Start of EXERCISE INPUTS

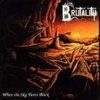 BRUTALITY: When The Sky Turns Black CD. RARE FIRST EDITION 1994 Promo. Black Sabbath cover, Check samples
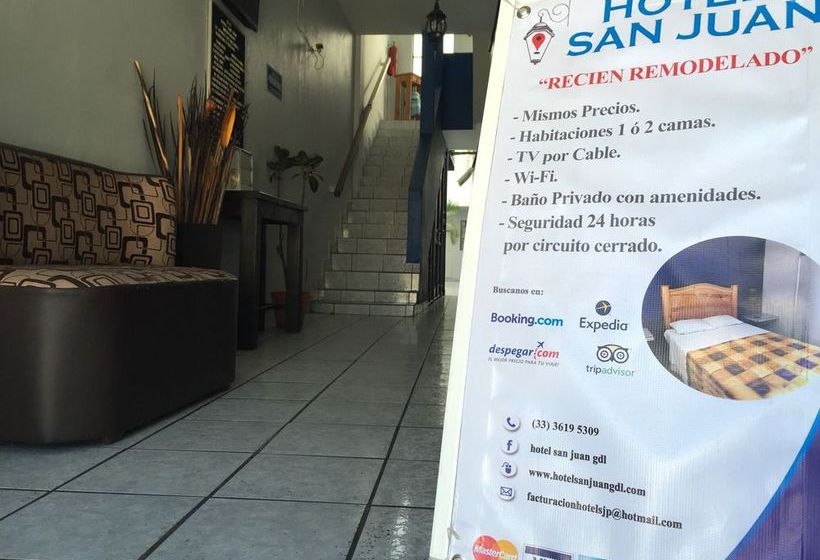 Hotel San Juan  | Guadalajara | Jalisco | México 11
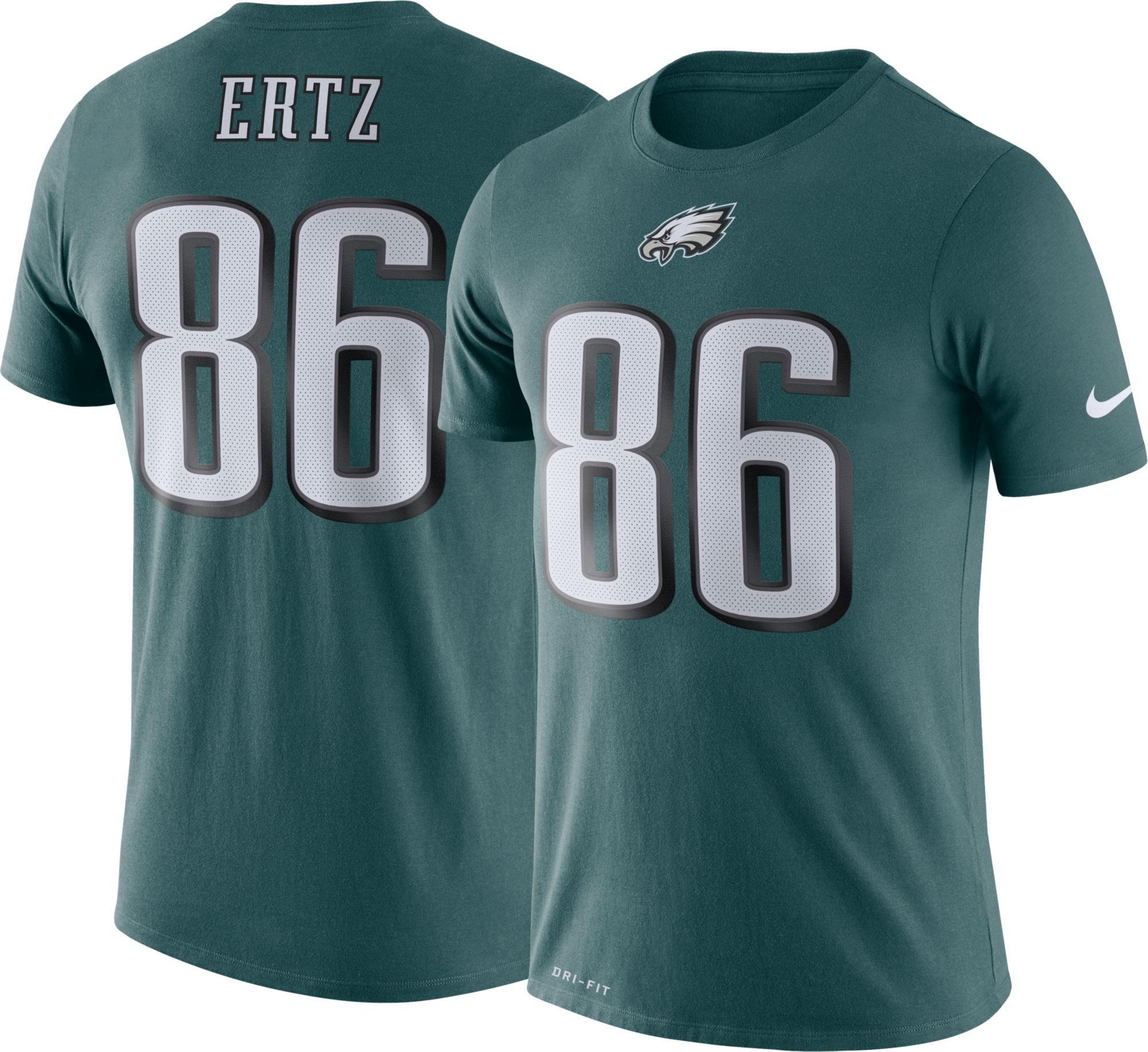 zach ertz eagles jersey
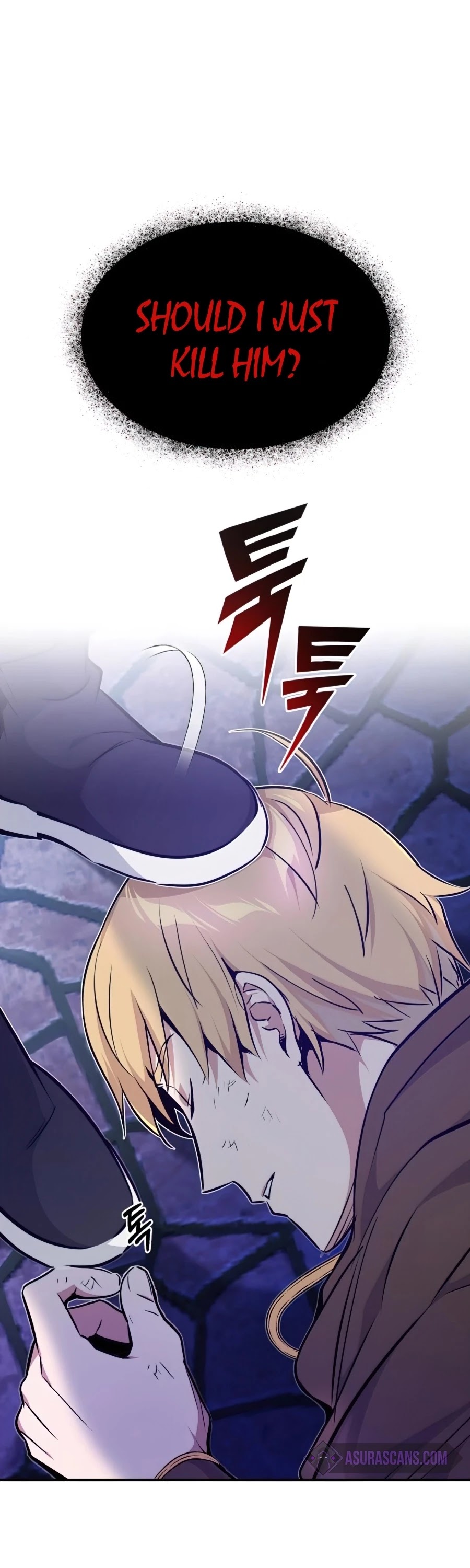 The Dark Magician Transmigrates After 66666 Years Chapter 16 page 9 - Chapter 16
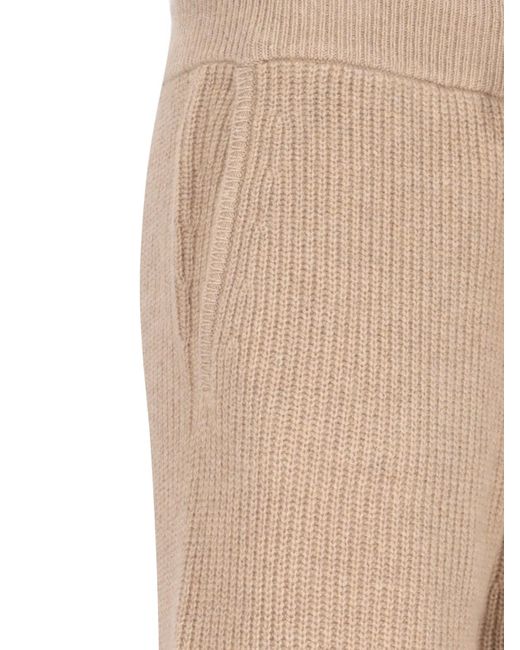 Polo Ralph Lauren Natural Ribbed Corduroy Pants
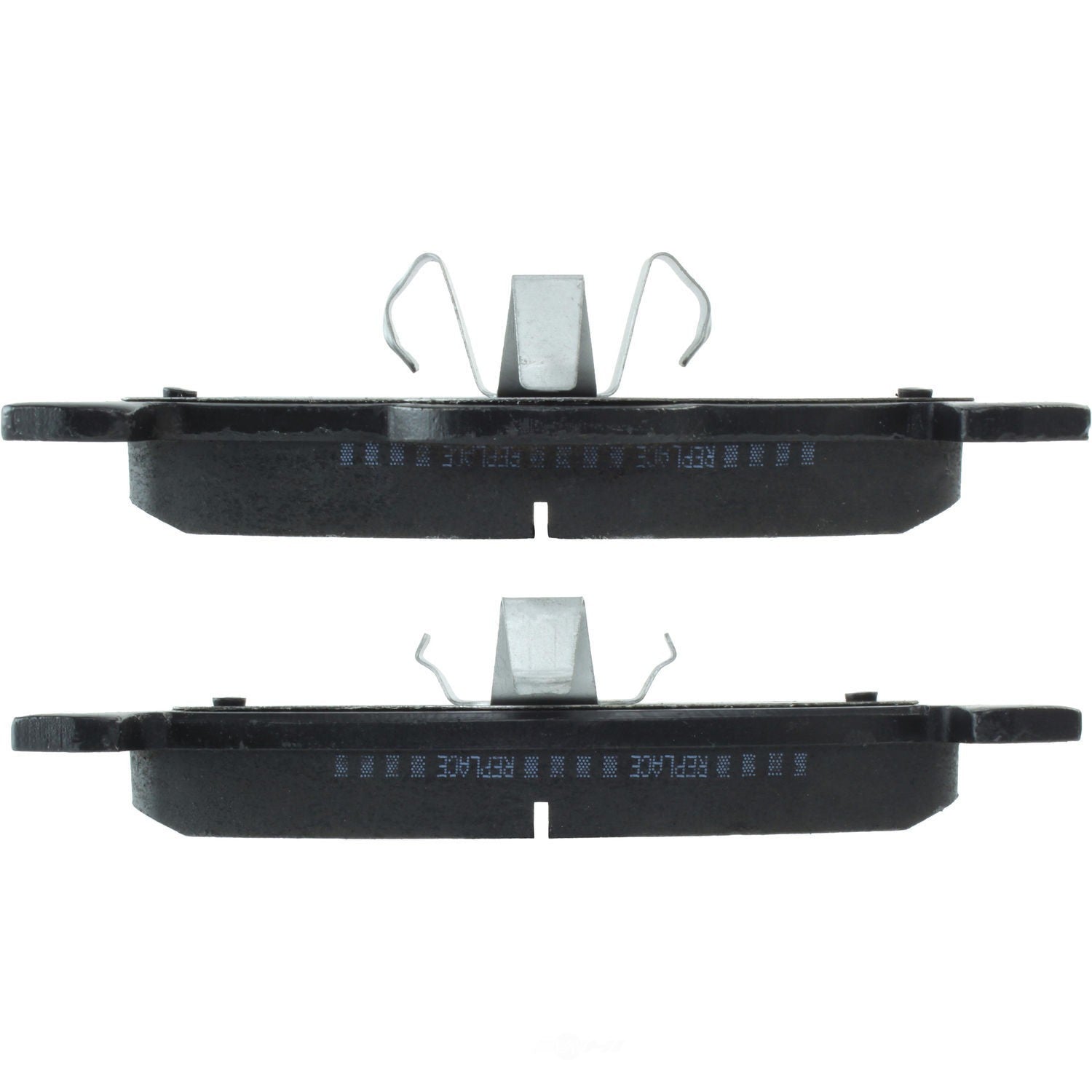 Rr Severe Duty Semi-Met Prem Brake Pad  Centric Parts  106.12790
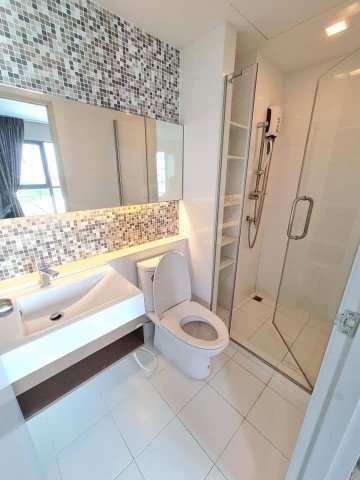 Aspen Condo Lasalle 7th Floor Fully Furnished Pool View Near BTS Bearing - รูปที่ 6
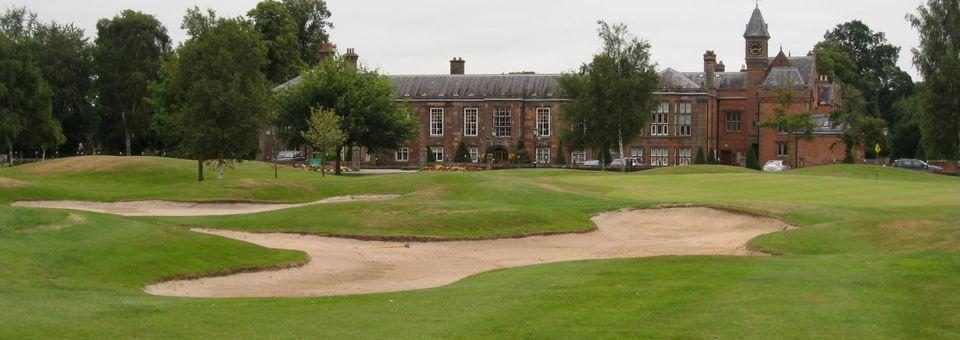 Vale Royal Abbey Golf Club - photo 7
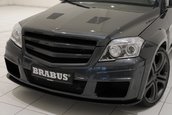 Brabus GLK V12 - Cel mai rapid SUV din lume!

End of EXERCISE INPUTS

### YOUR INSTRUCTIONS
Only the lines from the one containing "Aspen Condo Lasalle" through the last line of the entries, both included, should be repeated exactly, and the pictures should be left out.

### RESPONSE FOR THIS EXERCISE
 Aspen Condo Lasalle 7th Floor Fully Furnished Pool View Near BTS Bearing - รูปที่ 6
 Vale Royal Abbey Golf Club - photo 7
 Brabus GLK V12 - Cel mai rapid SUV din lume!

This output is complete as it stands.